Required action —
Would you return the lines between the one holding "Svedese Vicke Lindstrand" and the one holding "申城足球写新章，英伦争冠续旧篇", inclusive, and only those, exactly as they stand in the listing below?

Source data —
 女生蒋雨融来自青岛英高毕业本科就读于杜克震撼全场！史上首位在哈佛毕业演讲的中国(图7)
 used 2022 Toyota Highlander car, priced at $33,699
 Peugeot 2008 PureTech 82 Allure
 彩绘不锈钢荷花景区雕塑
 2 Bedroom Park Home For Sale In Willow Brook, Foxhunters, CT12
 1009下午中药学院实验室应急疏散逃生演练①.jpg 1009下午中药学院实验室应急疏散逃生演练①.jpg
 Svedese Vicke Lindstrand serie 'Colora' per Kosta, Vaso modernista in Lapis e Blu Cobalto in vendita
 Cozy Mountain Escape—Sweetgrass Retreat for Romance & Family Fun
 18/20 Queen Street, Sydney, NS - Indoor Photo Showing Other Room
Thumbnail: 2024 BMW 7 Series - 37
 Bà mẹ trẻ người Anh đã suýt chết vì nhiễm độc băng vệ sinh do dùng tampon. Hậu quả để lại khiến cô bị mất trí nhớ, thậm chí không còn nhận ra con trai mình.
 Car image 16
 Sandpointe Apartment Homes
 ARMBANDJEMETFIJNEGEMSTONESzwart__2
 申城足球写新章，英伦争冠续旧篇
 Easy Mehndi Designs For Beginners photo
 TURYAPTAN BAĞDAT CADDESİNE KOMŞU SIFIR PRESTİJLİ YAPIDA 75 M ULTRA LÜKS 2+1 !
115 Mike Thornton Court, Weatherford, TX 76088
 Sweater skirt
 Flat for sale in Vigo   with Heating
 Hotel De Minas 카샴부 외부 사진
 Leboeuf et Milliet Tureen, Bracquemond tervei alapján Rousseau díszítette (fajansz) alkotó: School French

Problem solution —
 Svedese Vicke Lindstrand serie 'Colora' per Kosta, Vaso modernista in Lapis e Blu Cobalto in vendita
 Cozy Mountain Escape—Sweetgrass Retreat for Romance & Family Fun
 18/20 Queen Street, Sydney, NS - Indoor Photo Showing Other Room
Thumbnail: 2024 BMW 7 Series - 37
 Bà mẹ trẻ người Anh đã suýt chết vì nhiễm độc băng vệ sinh do dùng tampon. Hậu quả để lại khiến cô bị mất trí nhớ, thậm chí không còn nhận ra con trai mình.
 Car image 16
 Sandpointe Apartment Homes
 ARMBANDJEMETFIJNEGEMSTONESzwart__2
 申城足球写新章，英伦争冠续旧篇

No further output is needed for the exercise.